**What is required**
Output must consist only of the lines of the material below from the one with "Young man documents" through the one with "Green Fluorescent Immortalized HAEC", each reproduced exactly; no pictures belong in it.

**Records provided**
-*-*-
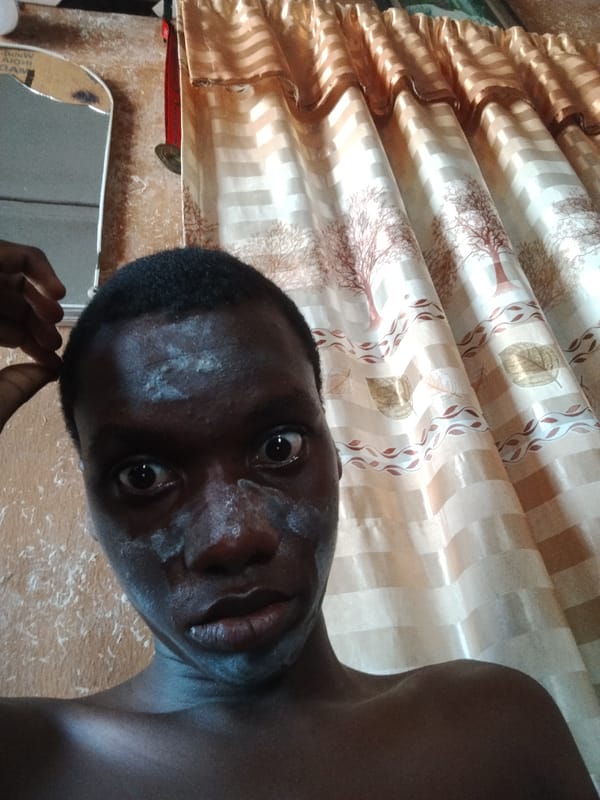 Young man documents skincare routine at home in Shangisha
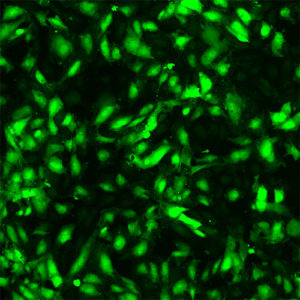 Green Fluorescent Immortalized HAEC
-*-*-
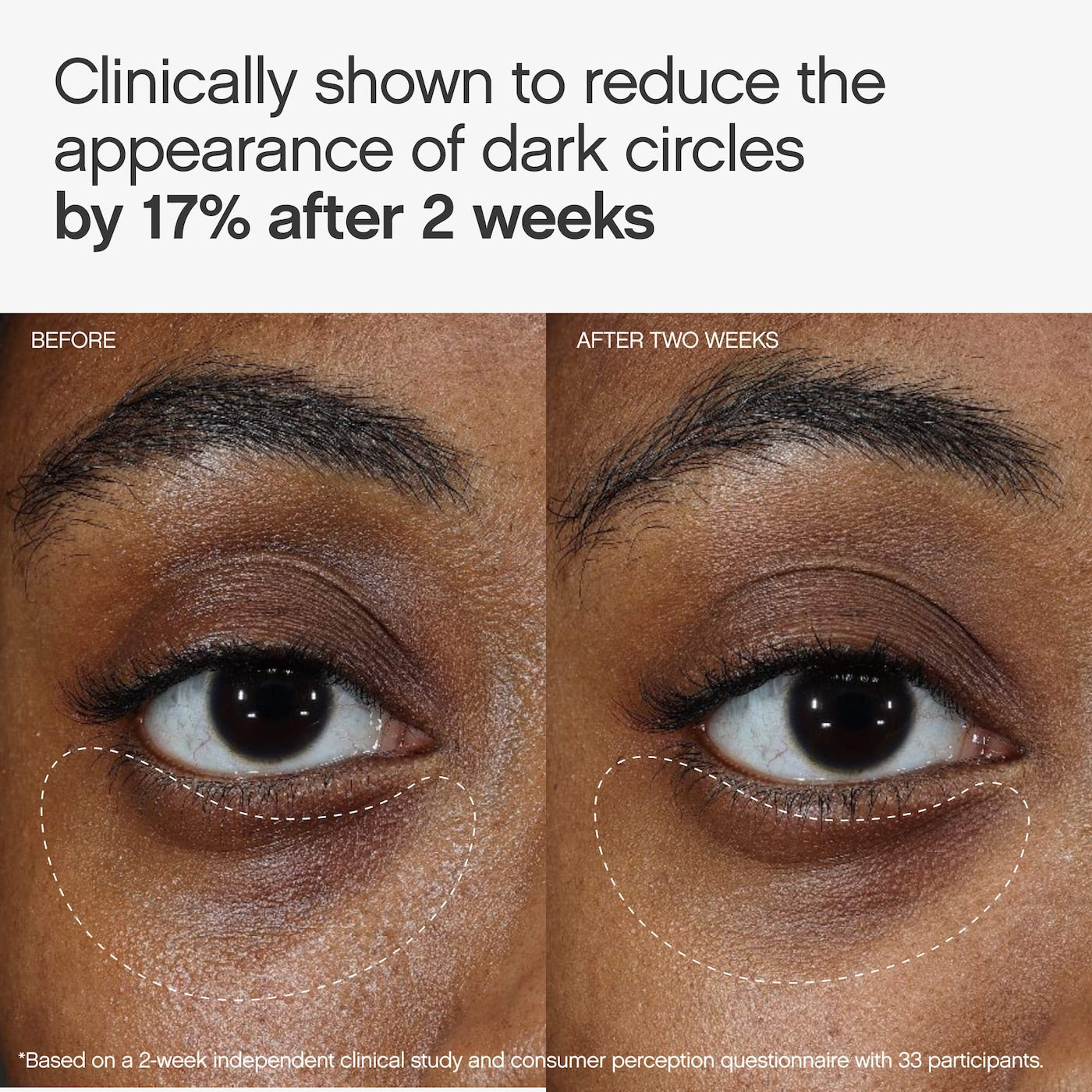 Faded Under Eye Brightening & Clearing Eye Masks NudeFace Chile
-*-*-
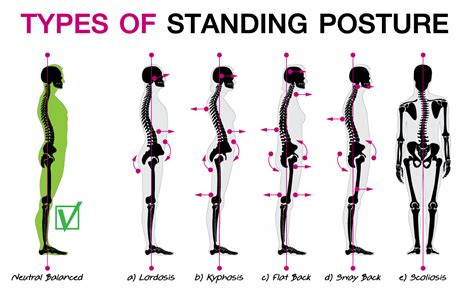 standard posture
-*-*-
**Final answer**
 Young man documents skincare routine at home in Shangisha
 Green Fluorescent Immortalized HAEC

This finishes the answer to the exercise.